__The task__. Below is a block of entries; repeat exactly the lines starting at the line that contains "The first synchronization" and ending at the line that contains "If you use Mendeley, you", both included.

(Material supplied begins)

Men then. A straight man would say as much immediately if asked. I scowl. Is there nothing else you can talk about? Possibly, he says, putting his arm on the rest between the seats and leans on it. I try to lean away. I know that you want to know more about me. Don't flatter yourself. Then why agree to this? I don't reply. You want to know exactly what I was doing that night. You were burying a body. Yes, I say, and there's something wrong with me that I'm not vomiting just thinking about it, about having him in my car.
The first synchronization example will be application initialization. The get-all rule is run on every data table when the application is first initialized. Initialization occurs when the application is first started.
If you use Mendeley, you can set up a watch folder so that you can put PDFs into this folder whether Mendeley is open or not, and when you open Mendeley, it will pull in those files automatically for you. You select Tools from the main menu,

(Material supplied ends)
(Material supplied begins)

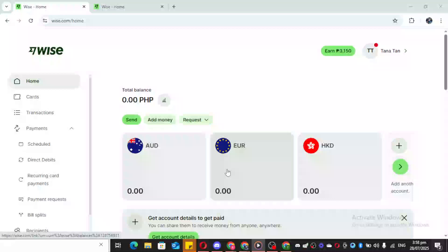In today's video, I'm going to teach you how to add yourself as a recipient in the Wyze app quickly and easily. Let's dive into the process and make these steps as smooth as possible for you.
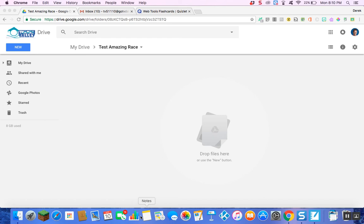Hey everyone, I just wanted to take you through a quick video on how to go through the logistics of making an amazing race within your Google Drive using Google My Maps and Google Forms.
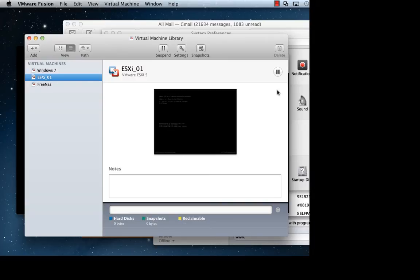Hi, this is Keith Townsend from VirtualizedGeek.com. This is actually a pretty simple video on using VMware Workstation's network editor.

(Material supplied ends)
(Material supplied begins)

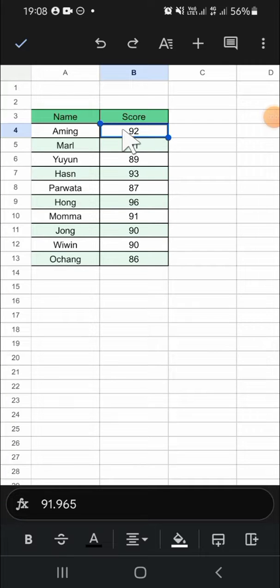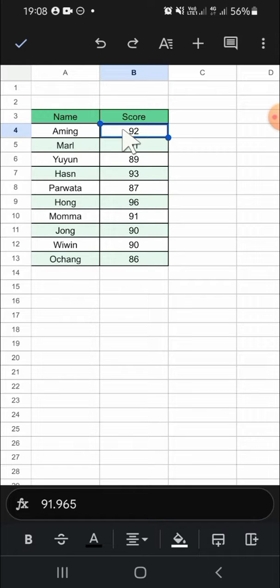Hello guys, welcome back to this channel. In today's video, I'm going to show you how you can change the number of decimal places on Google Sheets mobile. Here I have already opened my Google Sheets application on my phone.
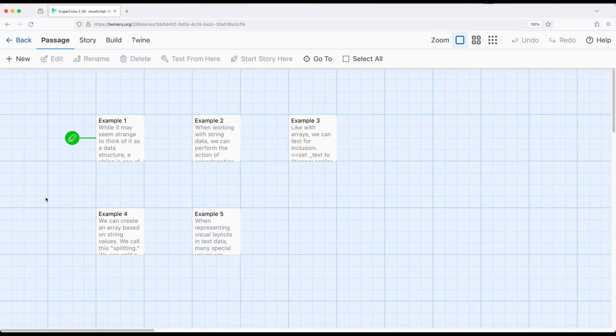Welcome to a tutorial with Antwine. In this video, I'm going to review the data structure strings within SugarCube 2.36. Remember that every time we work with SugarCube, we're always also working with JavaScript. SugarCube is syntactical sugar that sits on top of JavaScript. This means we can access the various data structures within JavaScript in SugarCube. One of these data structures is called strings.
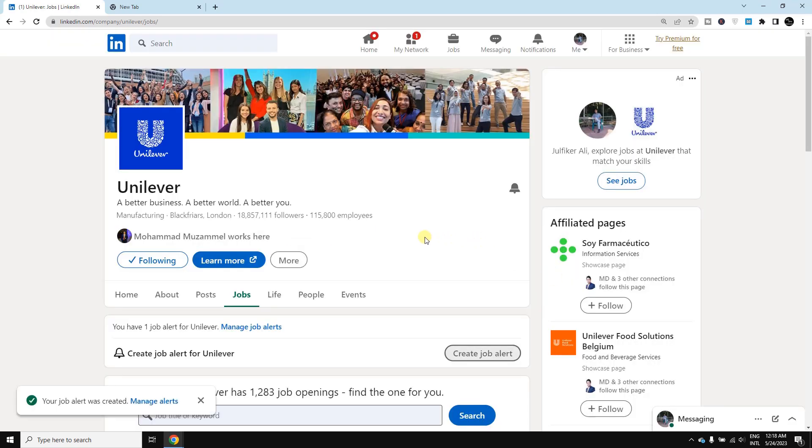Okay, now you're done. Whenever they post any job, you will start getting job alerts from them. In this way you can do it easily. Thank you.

(Material supplied ends)

__Task response__.
The first synchronization example will be application initialization. The get-all rule is run on every data table when the application is first initialized. Initialization occurs when the application is first started.
If you use Mendeley, you can set up a watch folder so that you can put PDFs into this folder whether Mendeley is open or not, and when you open Mendeley, it will pull in those files automatically for you. You select Tools from the main menu,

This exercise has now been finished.